> **Required work**: Using the entries below, write out the line with "2026 Güss Universalplaner A3 4021819300002", the line with "2021 Cadillac CT5 Luxury", and every line in between, exactly as each is written.

> **Listed records**:

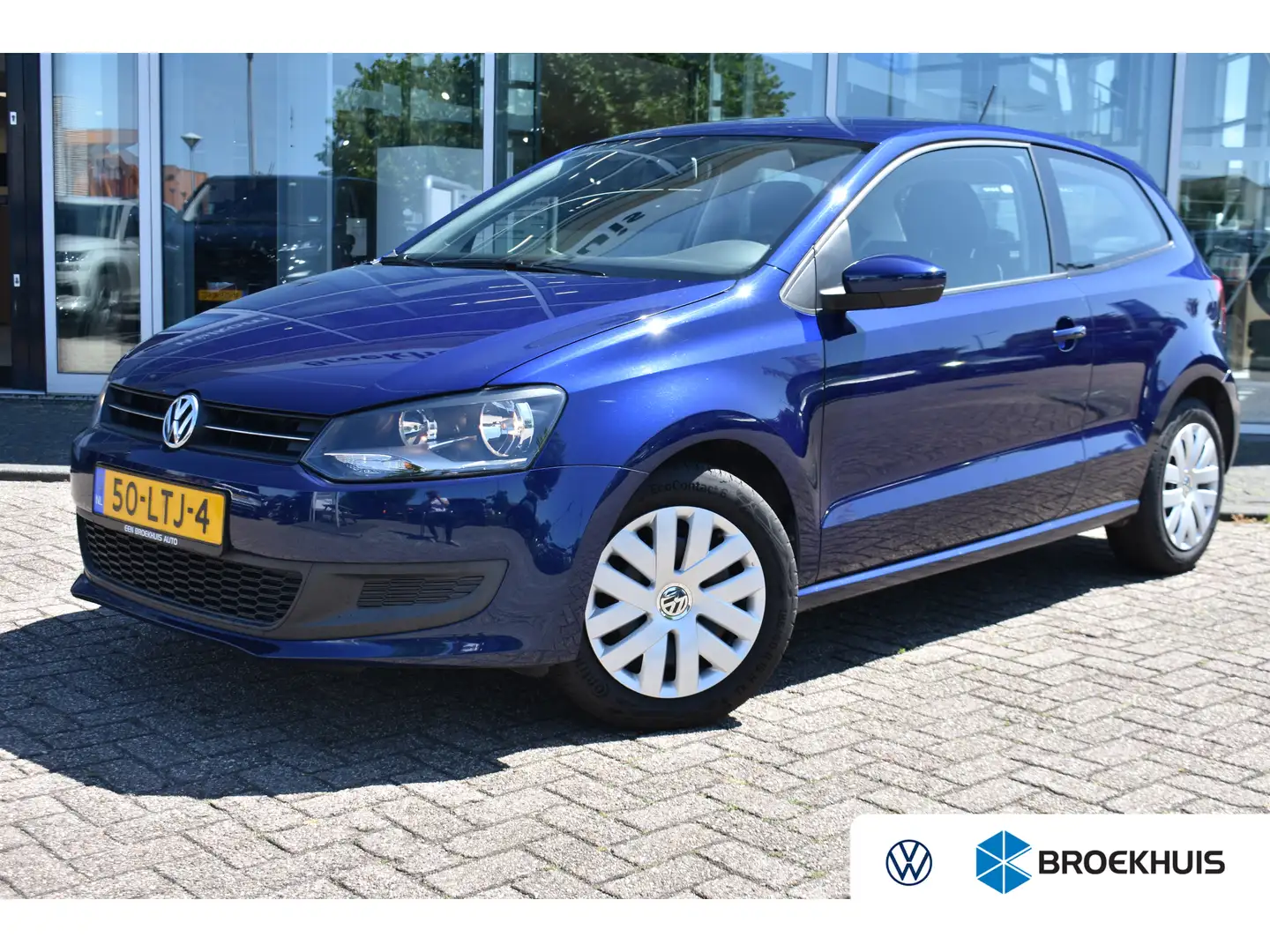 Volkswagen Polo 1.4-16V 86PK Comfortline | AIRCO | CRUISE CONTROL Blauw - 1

--

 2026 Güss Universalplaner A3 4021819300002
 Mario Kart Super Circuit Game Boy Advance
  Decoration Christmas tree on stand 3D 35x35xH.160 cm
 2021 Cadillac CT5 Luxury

...

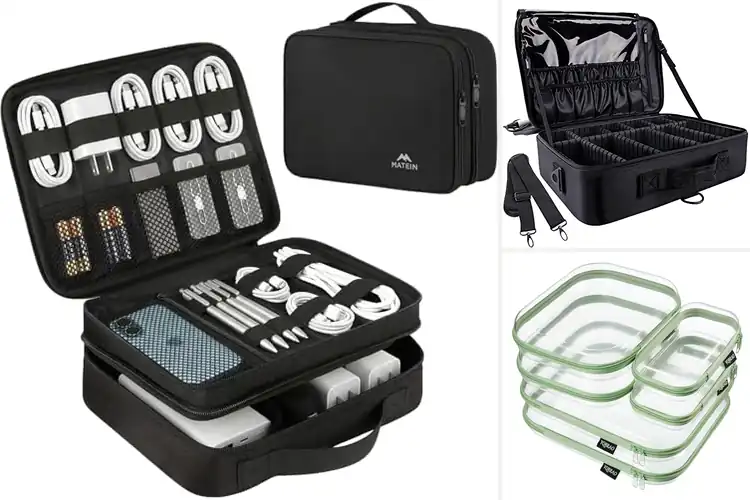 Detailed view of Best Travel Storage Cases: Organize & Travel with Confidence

> **Result of this exercise**:
 2026 Güss Universalplaner A3 4021819300002
 Mario Kart Super Circuit Game Boy Advance
  Decoration Christmas tree on stand 3D 35x35xH.160 cm
 2021 Cadillac CT5 Luxury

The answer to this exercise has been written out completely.